His eyes fly open at that command, fluster pulling him back as he burns red. "What?"
She looks just as embarrassed as him, but that gaze in her eyes does not falter. "Touch me."
There is an urgency in her voice that was not there before. Her skin against his face is warm, and he will oblige in her command, even if it kills him.
"If that’s what you want," he replies simply, then steadies himself, as if he is preparing to play an instrument. He thinks it rather fitting or haphazardly funny, in a way, that he will.
He reaches to mirror her actions, and traces her face with his own hands, taking a strand of her golden hair that had fallen from the way she had pinned it at the back of her head and strung it back behind her ear. His fingers do not stop there, but instead move to follow the curvature of her neck, the white column of her throat and down to the collar of her dress. His gaze does not leave that of his actions, for he fears all will be gone if he looks at her.
He swallows.
"Erik?"
He notices that he had stopped. She is looking at him now, with an expression he cannot comprehend. What he does see, however, is bits of concern.

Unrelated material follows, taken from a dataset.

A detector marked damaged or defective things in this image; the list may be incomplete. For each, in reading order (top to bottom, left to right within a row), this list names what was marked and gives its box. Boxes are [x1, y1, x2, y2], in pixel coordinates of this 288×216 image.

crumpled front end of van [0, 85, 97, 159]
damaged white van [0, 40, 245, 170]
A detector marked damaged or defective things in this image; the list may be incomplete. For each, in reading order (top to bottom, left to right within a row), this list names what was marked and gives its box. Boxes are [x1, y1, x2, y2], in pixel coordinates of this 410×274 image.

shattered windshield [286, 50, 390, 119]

"Do you want this?" she asks again.
Yes, he wants to answer, yes; I have hungered for this touch like nothing I have ever felt before, and the thought of it is consuming me whole. I hunger for your music, for the sensation of you.
"I…" his stuttering is what comes out. "I…do. But…"
"But?"
The sobs threaten to break again. "Christine, how can you want this? Want me to do this to you?"

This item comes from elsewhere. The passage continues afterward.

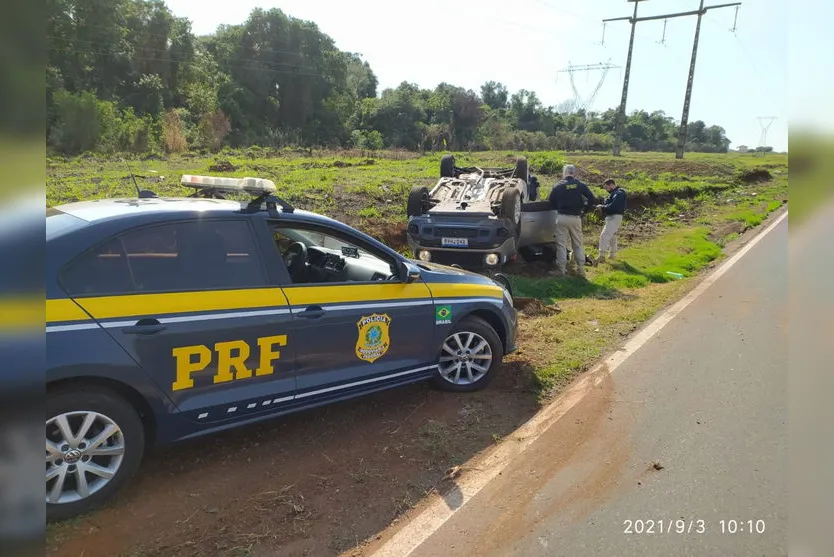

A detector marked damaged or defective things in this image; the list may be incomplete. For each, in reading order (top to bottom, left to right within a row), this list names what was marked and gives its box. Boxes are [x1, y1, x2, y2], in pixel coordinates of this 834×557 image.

exposed wheel of overturned car [404, 185, 428, 215]
overturned car [404, 155, 560, 270]
exposed wheel of overturned car [428, 318, 500, 390]
exposed wheel of overturned car [47, 386, 145, 520]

She sighs silently, and takes his hands again. "I don’t know. But the thought of it had overcome me, and it manifests in a physical ache, at times."
"How long?"
"A few days." She looks up at him, and he does not miss the way her eyes gravitate to the ruined side of his face. He fights the conscious effort to hide it, but she smiles weakly, and he is lost. "Perhaps I should admit that your hands are very distracting."
He cannot help himself; he chuckles, she laughs as well. The candles seem to flicker with the welcome disturbance of the air.

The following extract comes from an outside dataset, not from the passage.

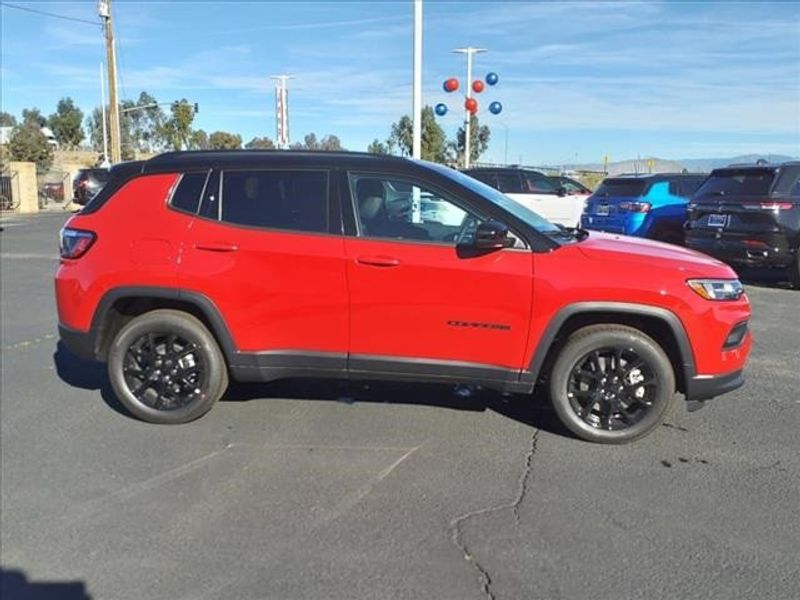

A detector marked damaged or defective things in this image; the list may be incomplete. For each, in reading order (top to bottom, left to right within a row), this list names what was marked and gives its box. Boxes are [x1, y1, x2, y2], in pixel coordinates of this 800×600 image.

parking lot crack [450, 428, 544, 596]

"Oh," she whispers, and it may have been the residue of the heated air between them now, but he takes careful note of every movement of her lips when she speaks. "It might have been selfish of me to want that. I shouldn’t have asked it of you so suddenly."
"No, it wasn’t," the speed of his reply alarms him. "It isn’t wrong. But forgive me, it’s simply that…it requires me to accustom and pace myself to it."
She smiles again, ever-patient, ever-waiting Christine. "Then take your time."
Her hands had folded themselves unto her lap, and she looks at him expectantly before he realises just what she had meant.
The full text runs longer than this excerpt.